→ Required action:
When checking the entries below, count every line with the word "Solid", then give only that number.

→ Information given:
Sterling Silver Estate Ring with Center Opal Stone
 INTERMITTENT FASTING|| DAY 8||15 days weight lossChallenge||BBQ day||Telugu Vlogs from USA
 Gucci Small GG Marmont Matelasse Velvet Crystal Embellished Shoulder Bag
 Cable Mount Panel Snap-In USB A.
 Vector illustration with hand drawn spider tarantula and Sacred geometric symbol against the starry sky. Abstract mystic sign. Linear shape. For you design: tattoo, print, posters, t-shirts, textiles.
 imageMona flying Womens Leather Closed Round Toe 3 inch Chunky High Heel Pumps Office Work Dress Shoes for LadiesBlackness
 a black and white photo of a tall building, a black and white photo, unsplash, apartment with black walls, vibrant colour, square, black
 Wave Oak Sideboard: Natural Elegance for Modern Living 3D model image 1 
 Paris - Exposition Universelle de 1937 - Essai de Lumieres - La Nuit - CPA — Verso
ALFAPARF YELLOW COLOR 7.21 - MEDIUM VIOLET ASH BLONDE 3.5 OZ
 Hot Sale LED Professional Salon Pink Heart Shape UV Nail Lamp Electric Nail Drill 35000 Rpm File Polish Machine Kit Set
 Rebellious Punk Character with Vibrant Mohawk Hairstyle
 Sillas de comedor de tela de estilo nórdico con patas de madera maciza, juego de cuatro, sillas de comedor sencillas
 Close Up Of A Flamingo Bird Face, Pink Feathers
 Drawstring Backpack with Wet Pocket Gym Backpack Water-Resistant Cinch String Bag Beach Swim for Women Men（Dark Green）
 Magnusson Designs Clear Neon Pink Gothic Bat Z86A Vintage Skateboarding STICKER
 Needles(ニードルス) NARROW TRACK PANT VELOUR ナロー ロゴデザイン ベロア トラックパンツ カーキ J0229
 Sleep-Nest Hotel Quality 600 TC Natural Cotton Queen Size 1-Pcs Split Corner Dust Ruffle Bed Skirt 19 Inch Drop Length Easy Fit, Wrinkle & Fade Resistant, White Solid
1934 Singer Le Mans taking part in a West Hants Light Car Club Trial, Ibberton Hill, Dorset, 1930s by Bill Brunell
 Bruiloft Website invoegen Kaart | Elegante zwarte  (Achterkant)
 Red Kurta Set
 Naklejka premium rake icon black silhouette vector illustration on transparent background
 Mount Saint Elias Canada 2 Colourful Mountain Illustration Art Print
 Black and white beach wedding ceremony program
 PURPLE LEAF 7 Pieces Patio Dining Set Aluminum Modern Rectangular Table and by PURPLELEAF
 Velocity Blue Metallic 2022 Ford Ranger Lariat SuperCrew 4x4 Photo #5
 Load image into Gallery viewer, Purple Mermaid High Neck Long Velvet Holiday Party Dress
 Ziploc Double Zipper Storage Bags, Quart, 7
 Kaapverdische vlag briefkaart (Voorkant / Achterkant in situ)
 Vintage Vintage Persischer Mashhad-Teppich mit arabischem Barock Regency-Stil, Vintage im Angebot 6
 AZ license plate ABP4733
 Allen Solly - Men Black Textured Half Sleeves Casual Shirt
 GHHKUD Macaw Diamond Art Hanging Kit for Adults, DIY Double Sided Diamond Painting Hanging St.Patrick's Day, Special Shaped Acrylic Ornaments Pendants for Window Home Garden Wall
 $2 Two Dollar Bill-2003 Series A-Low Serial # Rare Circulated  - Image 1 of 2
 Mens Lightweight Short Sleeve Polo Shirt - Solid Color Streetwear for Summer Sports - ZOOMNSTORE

→ Result below:
2